After successfully testing the strategy of going with a new chief ministerial face for state assembly elections, the BJP once again applied it to Tripura. On Saturday, the saffron party’s first-ever CM in the state, Biplab Deb stepped down from the post to make way for Dr Manik Saha.

Rajya Sabha MP Saha is the state BJP’s president and will now face the challenge of keeping all party ranks together ahead of the assembly elections in March 2023. The transition seemed to be smooth and regimental in typical BJP style. The party’s move is an apparent effort to ward off anti-incumbency and stem disgruntlement within its ranks in the state unit.

In the legislative party meeting, Saha was elected as the new leader. Deb, who met union home minister Amit Shah in Delhi a few days ago, congratulated his successor on Twitter and said it had been his pleasure to serve “the people of Tripura”, and that he was “thankful” to the party for giving him the opportunity.

Ahead of assembly polls, the BJP has applied their “CM-change formula” in Uttarakhand, which turned out to work for them. So, they are hopeful the same will happen in Tripura as well. The party has changed five CMs since 2019, including in Gujarat and Karnataka.

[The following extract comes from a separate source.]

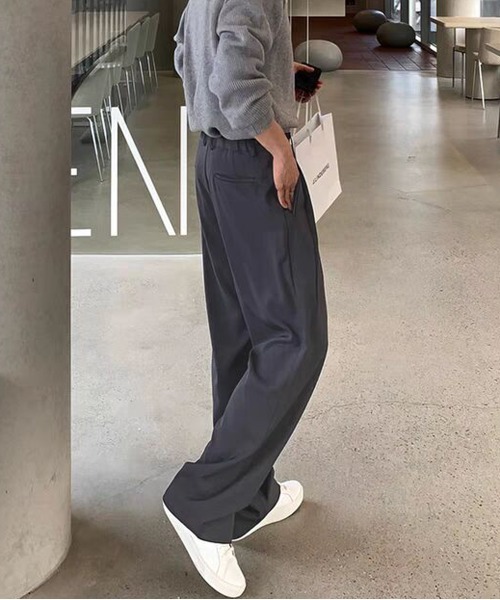NEW GENTLEMAN ワイドパンツ パンツ パラマウント タック ワイドパンツ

Saha is the fourth former Congress leader from the northeast to become CM in the region after joining the BJP, a clear signal that a leader’s electoral value is of paramount importance. Assam’s Himanta Biswa Sarma, Pema Khandu in Arunachal Pradesh and N Biren Singh in Manipur are the other CMs earlier with the Congress.

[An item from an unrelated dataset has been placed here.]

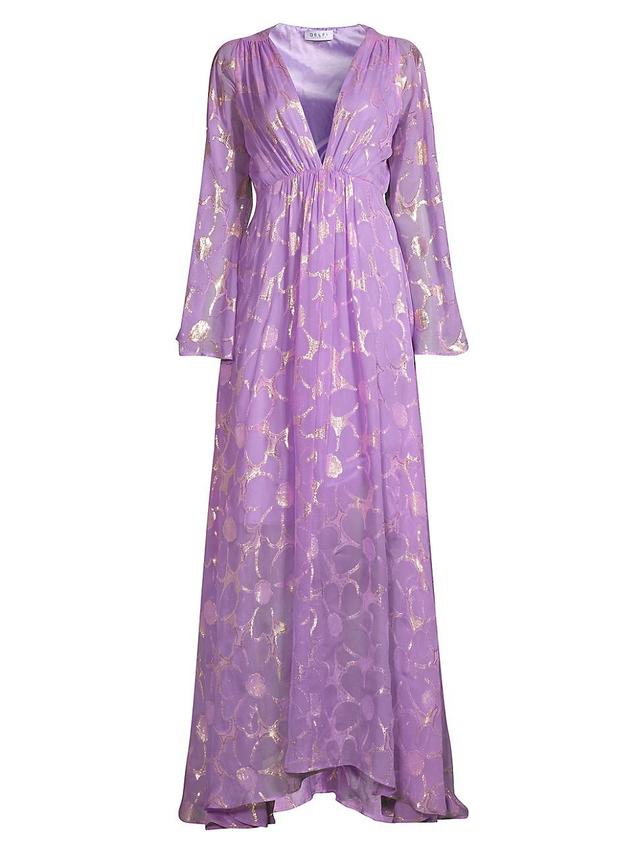 Womens Vanessa Metallic-Floral Dress Product Image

The what and why of BJP’s formula

Political analysts said the BJP’s move to change CMs, while being flayed by the opposition for doing so, shows that the party analyses its ground feedback and is always ready to address it. A BJP leader said broadly three factors worked behind such changes in the last two to three years: “delivery on the ground, keeping the organisation in good humour and the leader’s popularity”.

Prime Minister Narendra Modi, who was the Gujarat CM from 2001 to 2014, had favoured a long rope to CMs but after the BJP was defeated in the Jharkhand assembly polls with CM Raghubar Das losing his seat, the party realised the need for changing the leadership.

The BJP has marked a return to more conventional politics with regard to political fault lines such as caste identity in its most recent changes in the central government or in states ruled by the party. Pushing the urge to experiment to the background, it has even preferred leaders who started their career in other political outfits.

In September 2021, the BJP changed Vijay Rupani with Bhupender Patel, who hailed from numerically significant Patel community, as Gujarat CM. While changing the CM in Karnataka, the party replaced Lingayat stalwart BS Yediyurappa with another Lingayat leader Basavaraj S Bommai. In Uttarakhand, it replaced two Thakur CMs with another Thakur. In Assam, the BJP replaced its CM of five years Sarbananda Sonowal with Himanta Biswa Sarma.